Step 2：From control flow chart (the control and data flow of high-level language description (such as C/C++) extraction Graph, CDFG).

Described CDFG models be by for arithmetic or logical operation structure composition, all behaviors of algorithm can be represented, The high-level design that the instrument such as GAUT, SUIF can be used to be expressed from high-level language (such as C/C++) extracts CDFG in describing.Total space flight Aviation field C/C++ is conventional main flow high-level language, and the program that numerous C/C++ language are write will be write in embedded chip, Apply among rocket, aerospace craft.Meanwhile this method is equally applicable to other language, such as Java language, Fortran languages The older language of speech etc.
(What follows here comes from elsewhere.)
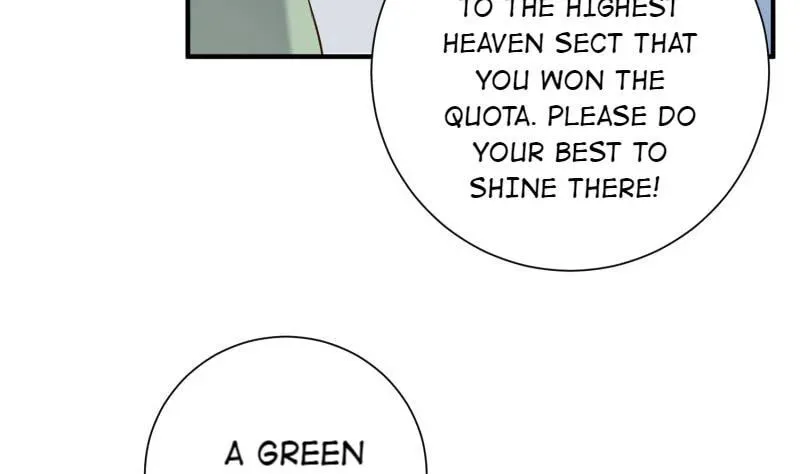 Super Swordsman (Colored) Chapter 91 page 7 -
Step 3：The CDFG flow graphs extracted are modeled using PRISM modeling languages, first will be comprised the concrete steps that CDFG is extracted, then using PRISM modeling languages to the CDFG with different configurations (applicable components quantity) and radiation ring Under border situation (reinforcement technique, failure occur with recovery etc.) be modeled.The fault rate of wherein component is from component What feature database obtained, verify various reliability attributes automatically using PRISM afterwards, whether meet to require with inspection system.
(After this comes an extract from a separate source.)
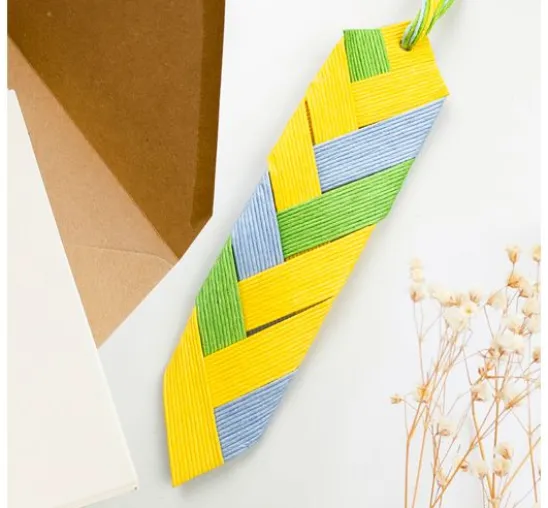 Paper Straps "Kamihimo"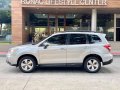 Brightsilver Subaru Forester 2013 for sale in Makati-3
Described probabilistic model checking technology is for analyzing system that those show random behavior and for definition Probability attribute verified automatically.Probabilistic model checking technology is successfully applied to many fields, such as random point The field such as cloth algorithm, communication and security protocol, biology.Markov model is corresponding to this kind of random process of Markov chain Model, have the property that：Under conditions of known current state (present), its following differentiation (future) is independent of it Conventional differentiation (past).In real world, it is all Markov process to have many processes, such as the cloth that particulate is made in liquid Bright motion, the infected number of infectious disease, the number of waiting at station etc., all can be considered Markov process.On the process Research, A.H. Andrei Kolmogorovs exist within 1931《The analytic method of probability theory》First by the side of the analyses such as the differential equation in one text Method is used for this class process, has established the theoretical foundation of Markov process.Probabilistic model has four models most commonly seen in examining： Markov model (Discrete-Time Markov Chains), the Markov model of continuous time of discrete time (Continuous-Time Markov Chains), markov decision model (Markov Decision Processes) and The automodel (Probabilistic Time Automata) of probability times.When to system modelling, model will be according to system The characteristics of behavior, is selected.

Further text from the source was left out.